Pathobiology professor Scott Weese says that to understand the abnormal, you have to know what’s normal. And normal, for mammals, is to have more than 10 times as many bacterial cells in and on our bodies as our own cells.
We can’t live without these bacteria, but when they become altered in some way because of illness, diet, medication or other factors, a range of problems can occur. In humans, altered gut flora — bacteria living in the stomach and intestines — can be linked to inflammation, allergies, obesity, difficulties with brain function, inflammatory bowel disease, metabolic disease, cancer and other problems.
“It’s not just one bug that causes these problems, it’s how the whole population of bacteria in the system interacts and balances,” Weese explains.
“Largely because of the complexity of these bacterial populations and technological limitations, only recently have we had the tools to properly explore these ecosystems. Our knowledge of the canine microbiota is currently limited,” he adds, “but knowing what’s normally present in the dog’s system is critical for diagnosing illness. Our research is studying what bacteria are present in different body sites in healthy dogs and exploring how that varies among dogs of different ages and different environments, and in sick versus healthy dogs.”

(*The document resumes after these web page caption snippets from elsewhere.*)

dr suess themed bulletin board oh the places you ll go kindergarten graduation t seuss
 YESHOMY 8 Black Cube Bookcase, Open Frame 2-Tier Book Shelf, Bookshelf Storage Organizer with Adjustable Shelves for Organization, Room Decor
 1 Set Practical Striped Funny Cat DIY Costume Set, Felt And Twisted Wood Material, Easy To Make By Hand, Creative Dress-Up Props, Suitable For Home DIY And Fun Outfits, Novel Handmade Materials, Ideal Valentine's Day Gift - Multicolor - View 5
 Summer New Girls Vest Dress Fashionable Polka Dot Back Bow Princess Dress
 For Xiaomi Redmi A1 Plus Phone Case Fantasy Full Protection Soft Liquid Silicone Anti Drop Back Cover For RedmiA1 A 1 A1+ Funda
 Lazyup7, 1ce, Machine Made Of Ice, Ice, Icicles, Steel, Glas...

Weese and his co-researchers are looking at bacteria in dogs’ guts, on their skin, in their mouths and in their nasal cavities. So what lurks inside your dog’s mouth? He says that every dog seems to carry multiple zoonotic bacteria, which can also infect humans. “There is always some degree of risk in being exposed to those germs,” he says, but actually getting an infection is rare.
For some people, though, a little dog saliva can be extremely dangerous. On his popular Worms and Germs blog, Weese mentions a case that made headlines recently: an Ottawa woman lost three limbs to an infection caused by Capnocytophaga canimorsus. This bacterium is found in the mouths of almost all dogs, Weese explains, but it is generally only dangerous to someone without a spleen, who has a compromised immune system, or who is an alcoholic. If you fit into one of those groups, he adds, speak with your doctor about the risk from this bacterium and avoid contact with a dog’s saliva.
Of the hundreds of types of bacteria found in every dog’s mouth, many have not been identified. Those unknown bacteria are ones that don’t grow in cultures, an older method of finding bacteria. Instead, Weese uses bacterial DNA to distinguish the different types, giving a more accurate picture of the multitude of germs that are present.
His research studies are also looking at how bacteria change over time, which can vary from one species to another, Weese says. The gut flora in horses, for example, tends to become very complex quite quickly. In dogs, their gut flora develops more gradually
Early exposure to bacteria also seems to be a key factor; Weese says that the flora of a dog being raised on a farm may be quite different than that of a dog raised in a city apartment. “Even if we brought both dogs to the same home after three months, the bacteria in their systems might never be the same. We’re only starting to comprehend the different factors that influence our microbial populations.”
Another project is investigating stool transplants for dogs with chronic diarrhea. “The idea is that some diseases are the result of disruption of the normal bacterial population, and restoring that population is the key to cure,” says Weese. “If we can restore the gut flora to a normal state, we may be able to cure the disease.” Dogs are probably less squeamish about stool transplants than people.
Studying the canine biome is a new field, Weese explains. “It seems like every study we do leads to more questions.” There appears to be significant variation among dogs. Weese says that the precise composition of the bacterial flora in any part of a dog is probably multi-factorial. “We don’t know yet if the breed of the dog makes a difference, although we do know that some illnesses are more common in some breeds than in others, so perhaps it is a factor.”